KIN (K Immediate Neighbors) is a machine learning algorithm inspired by KNN (K Nearest Neighbors) which has been adjusted to graph-structured data.
Project description
K Immediate Neighbors
K Immediate Neighbors or KIN is a machine learning algorithm inspired by KNN (K Nearest Neighbors) which has been adjusted to graph-structured data. Instead of asking k nearest neighbors of a test sample in euclidean space about the label, it asks the k immidiate neighbors of a test node in graph.
You can use KIN in problems where it is possible to model your data as graph and classify the nodes.
Installation:
You can install the package using pip with the following commad:
pip install GML_KIN
Usage:
class KIN(k=0, num_edge_types=1, edge_weights=[1], validation_size=0.1, random_state=42)
Parameters:
k: int, default=0
Maximum number of immediate neighbors to ask about the label.

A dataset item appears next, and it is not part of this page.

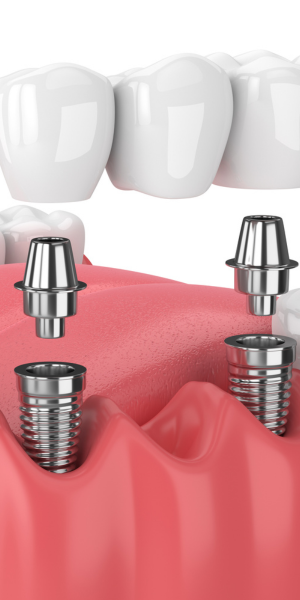 Dental Implants at Lion Dental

In case of num_neighbors > k, asks the ones with the highest weight on their respective edge.
If k=0, asks all immediate neighbors.
num_edge_types: int, default=1
You can define multiple edge types with KIN. For example if you want to classify books, you might have edge types: same_author, same_genre, same_price_range, belonging_to_same_series, ...
This parameter represents the count of your different edge types.

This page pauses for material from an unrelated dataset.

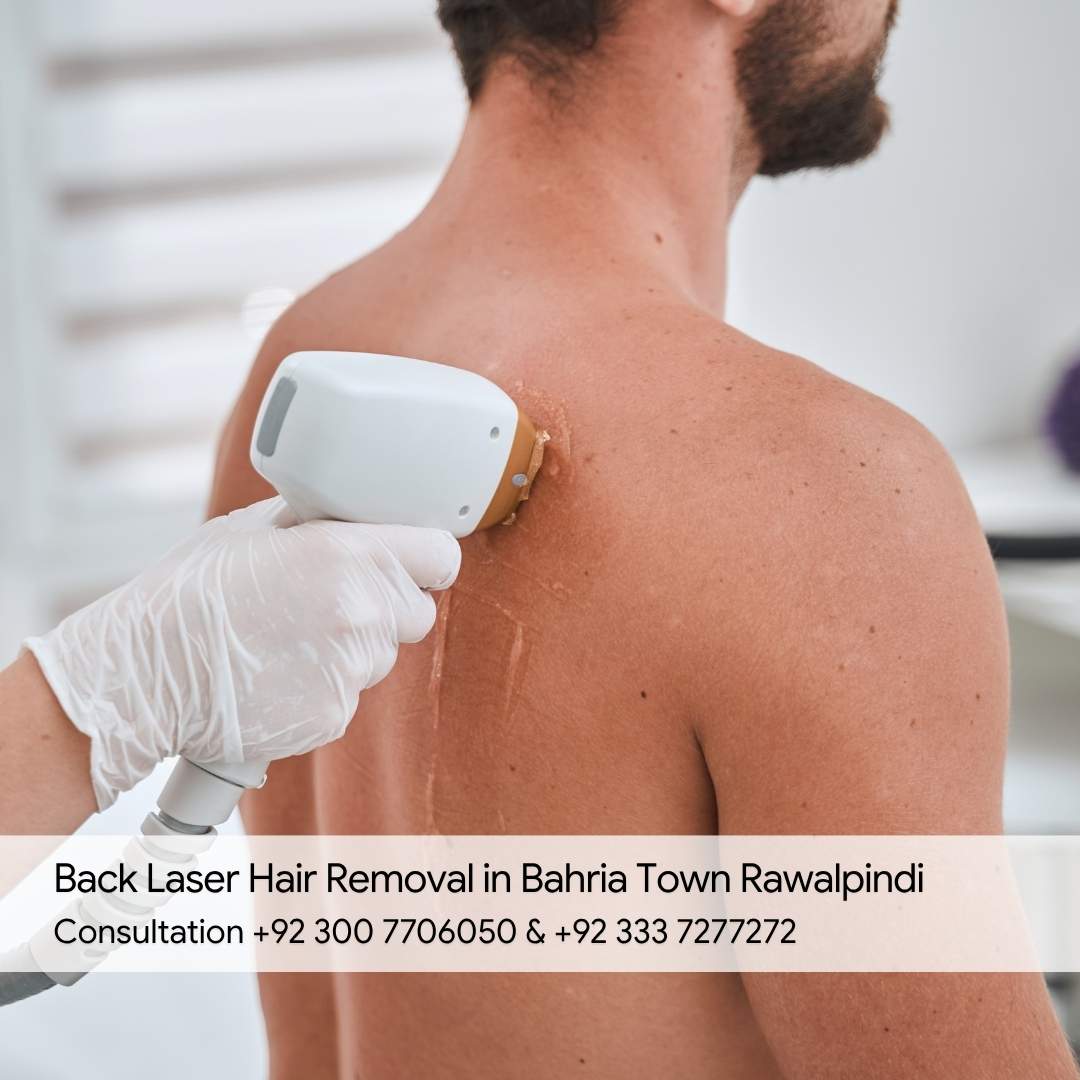 Back Laser Hair Removal in Bahria Town Rawalpindi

Note that later these types will be identified with numbers ranging from 0 to num_edge_types-1
edge_weights: list, default=[1]
This shows the importance of different edge types in terms of classification.
If you leave this parameter with its default value, KIN will learn these weights based on your training input graph. Its highly recommended to leave this parameter as is, but if you want to input customized weights of importance for your edge types feel free to use it.

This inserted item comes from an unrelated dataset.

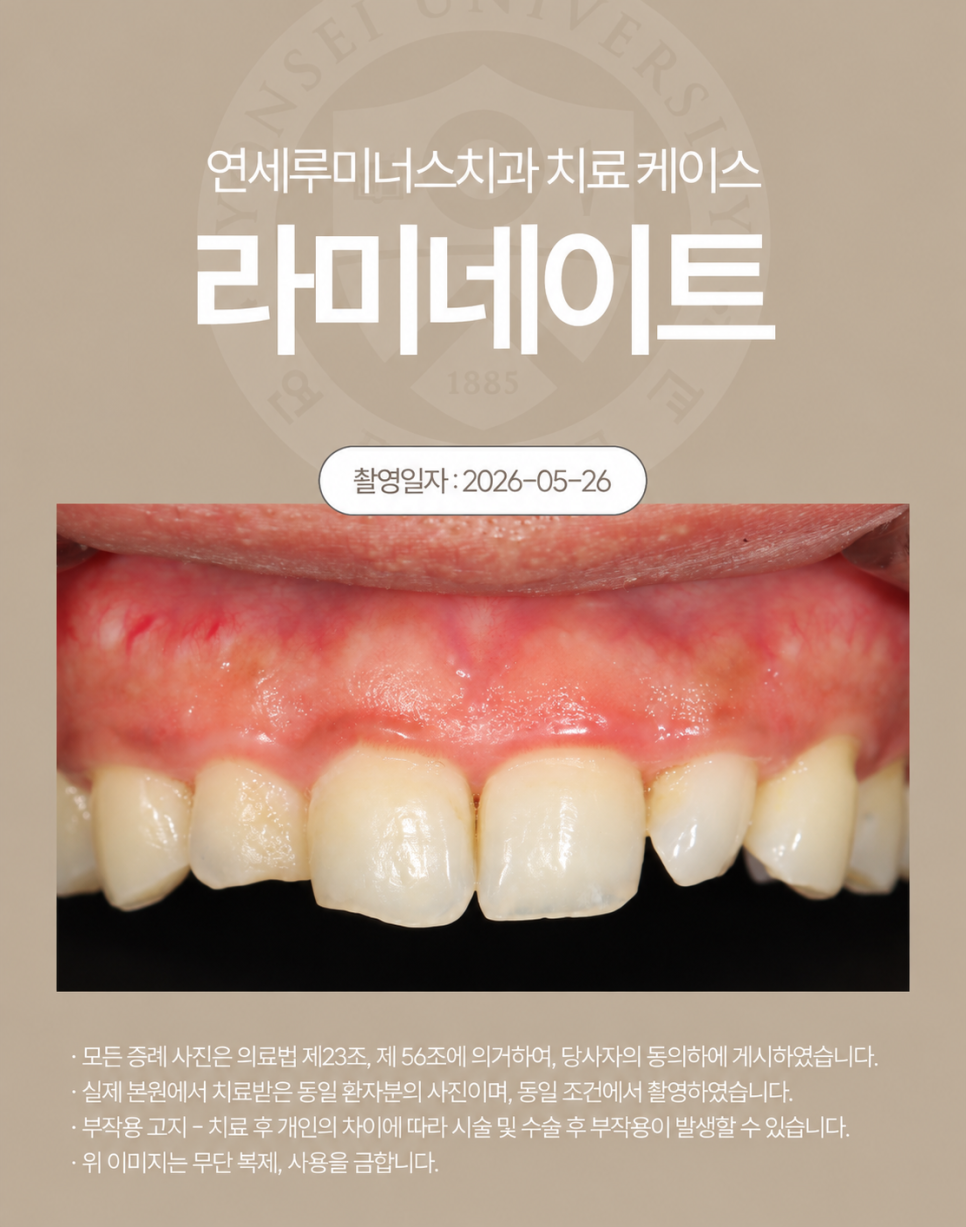 작고 불규칙했던 치아, 라미네이트로 자연스럽게 변화! 관련 이미지 2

Note that each weight is a float, len(edge_weights) should be equal to num_edge_types and sum(edge_weights) should be 1.0
Do not confuse this with actual weights of edges.
validation_size: float, default=0.1
This parameter will be ignored if you use edge_weights manually. If not, will be used to select a portion of nodes to evaluate edge_weights based on your training input graph. Gives best answer when set to 1.0 and applied to a balanced dataset.
random_state: int, default=42
Controls the pseudo random number generation for choosing the validation nodes.
Methods:
fit(X_train, y_train)
Fits the KIN model according to the given training data.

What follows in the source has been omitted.